He was homesick, to say the very least. Both of his bunkmates were out, likely working, but he didn't care much to know exactly where. He was just relieved to have a moment to himself to wallow in his self-pity, chest constricting tighter and tighter with every breath.
A door slammed shut down the hall, followed quickly by his own door opening- at which he held his breath. He had to get it together.
"Is this bunk taken?" Someone asks, a voice not belonging to either of his bunkmates, but he recognizes it nonetheless.
He shot up straight, taking in the appearance of the boy in front of him. "Sejanus!" He had never been happier to see his classmate, hopping out of his top bunk to quickly give him a hug.
"This is a surprisingly warm welcome for someone who almost got you killed." Sejanus chuckled, hugging him back.
Coryo laughs slightly, pulling away and grabbing his shoulders. "Oh, no. Quite the opposite. What are you doing here?"
"About the same as you." He shrugs, sliding his things under the bed below Coryo's. "They were going to expel me, but my dad paid them for my grad certificate and let them send me here. They got a new gym on the condition that they let us both graduate."
Coryo should be relieved, but a graduation certificate doesn't matter much if he's stuck here for the next twenty years. "And Y/N/N?" He asks.
"Y/N?" Sejanus asks, lifting his head back in confusion. "What about her?"
"Did she graduate too?"
"I... I don't know, I didn't know she was in trouble. We were told she was sick."
Coriolanus's stomach drops. That's a story he'd certainly heard before, and he didn't like at all how that ended. He swallows, nodding a little bit as he looks at the floor. "So you didn't see her at all?"
"No... Not since the last time I saw you." Sejanus states. It had been a few weeks now. "But, her mother came to our door a week or so ago, real early in the morning. Ma shooed me away but I heard them talking, it seemed like she didn't know where Y/N was either. She was looking for her, wondering if any of us had seen her."
Again, this is what Coryo had seen before with what happened to Clemensia. Her parents weren't allowed to see her at all while she was in the hospital. "I think she's dead." He admits.
"What? What makes you say that?" His friend gasps.
"I... I heard her screaming when I left our meeting with Highbottom." Coriolanus explains. "At first it was normal Y/N screaming, you know, but then it got worse and worse until it just... stopped." He hoped Sejanus would change his story, that he would remember seeing you at school or on the streets or at one of your parent's obnoxious parties, having a good time, and being yourself. That maybe he had just forgotten, but the look on Sejanus's face tells him that didn't happen.

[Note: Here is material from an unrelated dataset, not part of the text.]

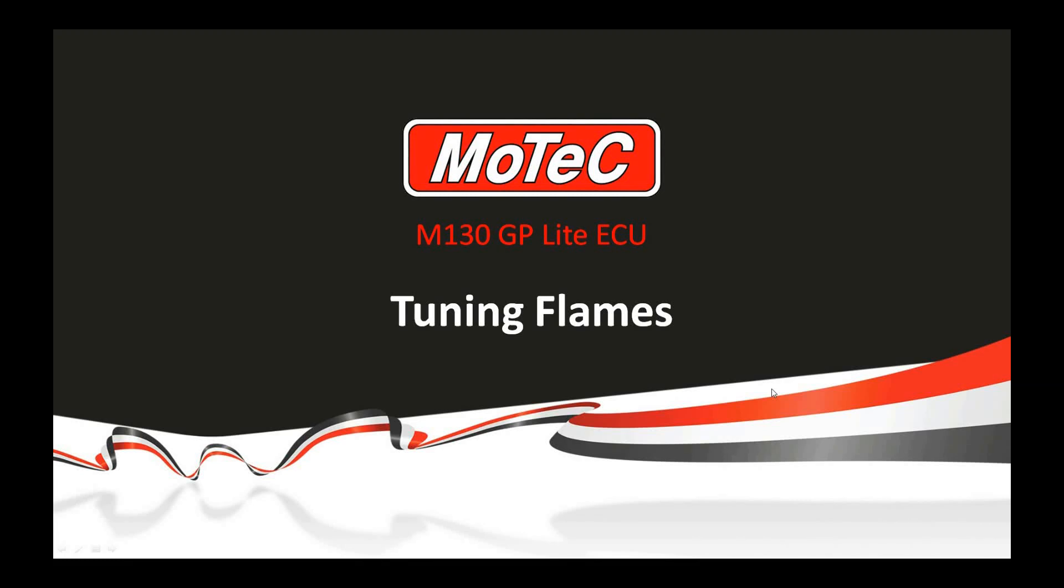Hi and welcome to another GP Lite webinar. My name is Pete Swinney and today's subject is setup and tuning of the new flames function.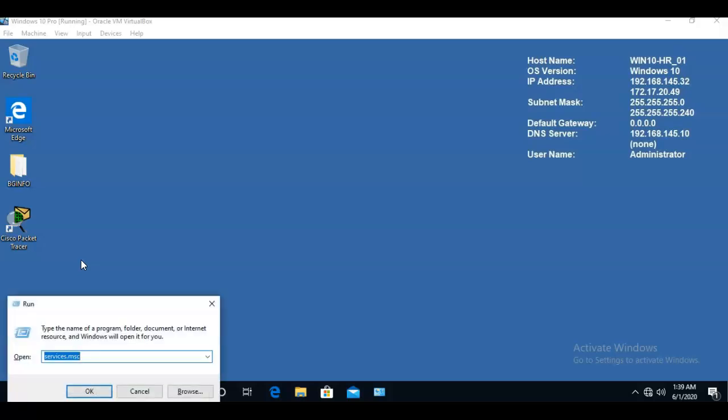Where it says open we're going to type in secpol.msc. Secpol stands for the security policy for this local machine.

It was Sejanus's turn to look down now, giving a solemn nod. "I mean, no." He laughs suddenly, shaking his head. "They wouldn't kill her on campus- if you could hear it, she's not dead. They wouldn't kill her just like that, right?" He says, trying to convince himself of that truth. "Surely she's just sick. Maybe grounded, or something."
"Yeah, yeah. Probably..." Coriolanus concedes, hoping that somehow Sejanus was right.
Simultaneously, you were adjusting beautifully to life in District Twelve. You got in the habit of borrowing Lucy Gray and Barb Azure's clothes, and they let you sleep on the floor between their beds. For the first time in your life, you were free. No one knew you, no one had a single expectation of you besides Tam Amber appreciating your help with the goats and occasionally going to the market with Lucy Gray and Maude Ivory to get food. It was refreshing, to say the very least. Everyday you felt yourself unwinding more and more.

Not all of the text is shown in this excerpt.